• [WHAT TO DO]: Take each line below that has "from" and copy it.

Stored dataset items
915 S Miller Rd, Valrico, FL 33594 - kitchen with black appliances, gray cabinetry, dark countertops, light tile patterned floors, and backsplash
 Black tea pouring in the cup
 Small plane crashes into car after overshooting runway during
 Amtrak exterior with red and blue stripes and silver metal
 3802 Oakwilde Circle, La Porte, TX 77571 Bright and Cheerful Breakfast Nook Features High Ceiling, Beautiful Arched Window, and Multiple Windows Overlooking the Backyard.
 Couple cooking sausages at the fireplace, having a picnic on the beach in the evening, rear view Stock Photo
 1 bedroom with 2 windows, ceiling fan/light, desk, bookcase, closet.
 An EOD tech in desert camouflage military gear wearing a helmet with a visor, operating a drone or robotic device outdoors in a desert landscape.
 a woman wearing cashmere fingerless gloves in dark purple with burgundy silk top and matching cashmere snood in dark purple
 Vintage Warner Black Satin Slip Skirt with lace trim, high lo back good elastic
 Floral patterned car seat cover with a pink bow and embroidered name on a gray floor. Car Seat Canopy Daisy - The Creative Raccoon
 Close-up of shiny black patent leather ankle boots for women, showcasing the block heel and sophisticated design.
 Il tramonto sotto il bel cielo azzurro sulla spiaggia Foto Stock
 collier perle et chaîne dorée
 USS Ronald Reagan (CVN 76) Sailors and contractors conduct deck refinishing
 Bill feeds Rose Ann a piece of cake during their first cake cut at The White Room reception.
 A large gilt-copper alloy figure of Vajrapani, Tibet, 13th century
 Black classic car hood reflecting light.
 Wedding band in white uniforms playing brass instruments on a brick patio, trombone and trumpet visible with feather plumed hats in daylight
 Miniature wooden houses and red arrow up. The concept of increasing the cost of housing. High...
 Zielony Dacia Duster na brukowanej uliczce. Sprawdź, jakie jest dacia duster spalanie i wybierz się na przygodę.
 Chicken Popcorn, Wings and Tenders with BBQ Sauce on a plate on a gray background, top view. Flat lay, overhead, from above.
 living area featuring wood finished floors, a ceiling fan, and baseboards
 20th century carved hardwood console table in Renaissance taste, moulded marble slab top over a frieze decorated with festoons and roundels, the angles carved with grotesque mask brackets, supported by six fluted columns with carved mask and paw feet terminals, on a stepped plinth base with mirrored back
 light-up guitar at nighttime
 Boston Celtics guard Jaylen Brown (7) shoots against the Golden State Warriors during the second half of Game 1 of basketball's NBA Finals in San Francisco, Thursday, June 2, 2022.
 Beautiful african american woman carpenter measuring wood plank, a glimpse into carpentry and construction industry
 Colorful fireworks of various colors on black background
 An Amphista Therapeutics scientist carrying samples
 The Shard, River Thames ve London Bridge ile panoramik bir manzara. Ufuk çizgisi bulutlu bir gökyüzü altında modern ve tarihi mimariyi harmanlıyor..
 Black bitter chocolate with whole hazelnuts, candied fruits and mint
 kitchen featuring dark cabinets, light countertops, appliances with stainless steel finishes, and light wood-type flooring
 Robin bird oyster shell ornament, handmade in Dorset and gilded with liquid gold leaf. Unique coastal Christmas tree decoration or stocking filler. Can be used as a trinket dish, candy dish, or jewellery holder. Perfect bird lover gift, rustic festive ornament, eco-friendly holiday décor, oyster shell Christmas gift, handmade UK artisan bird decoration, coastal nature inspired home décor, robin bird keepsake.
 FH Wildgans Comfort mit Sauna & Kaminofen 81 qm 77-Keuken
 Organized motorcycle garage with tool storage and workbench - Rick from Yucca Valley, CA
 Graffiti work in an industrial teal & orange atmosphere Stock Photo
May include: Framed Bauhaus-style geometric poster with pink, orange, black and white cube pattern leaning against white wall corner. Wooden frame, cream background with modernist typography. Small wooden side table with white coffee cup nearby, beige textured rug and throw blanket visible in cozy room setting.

• [PROBLEM SOLUTION]:
 Chicken Popcorn, Wings and Tenders with BBQ Sauce on a plate on a gray background, top view. Flat lay, overhead, from above.
 Organized motorcycle garage with tool storage and workbench - Rick from Yucca Valley, CA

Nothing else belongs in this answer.